»»
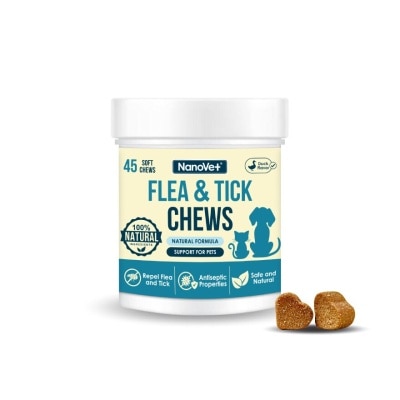 NANOVET Flea & Tick Chewable 45's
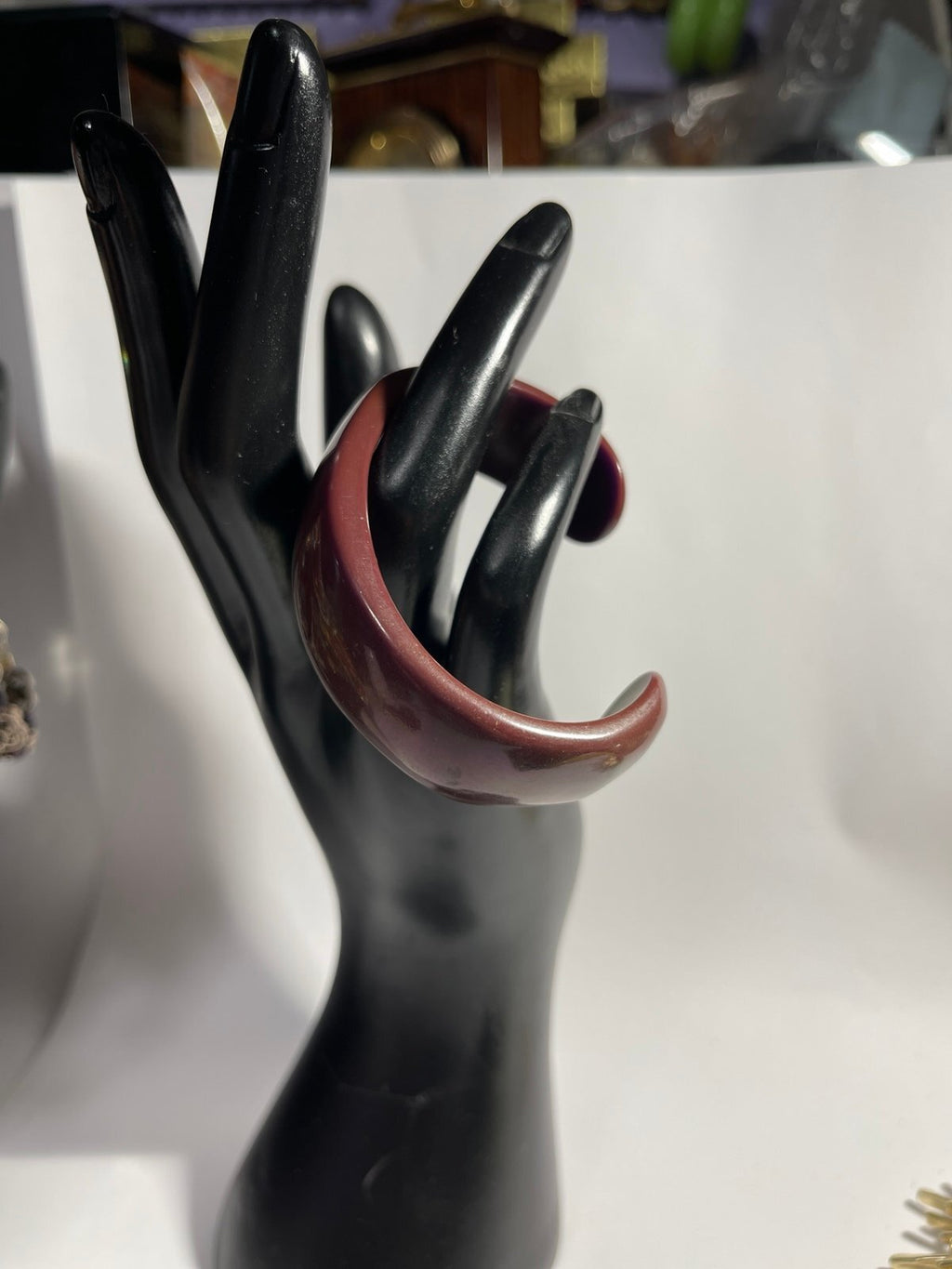 Vintage Brown Bakelite Cuff Bracelet
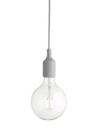 E27 Pendant Lamp, Hellgrau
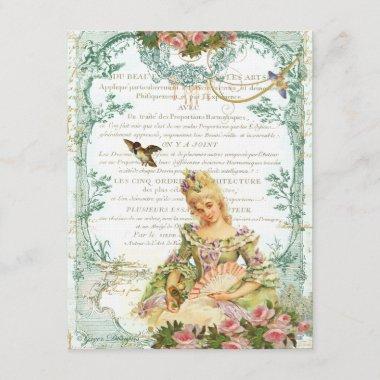 Marie Antoinette with Sparrow Invitations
««
Prompt: The task calls for every line of the data to be returned exactly, without pictures.

Response area:
 NANOVET Flea & Tick Chewable 45's
 Vintage Brown Bakelite Cuff Bracelet
 E27 Pendant Lamp, Hellgrau
 Marie Antoinette with Sparrow Invitations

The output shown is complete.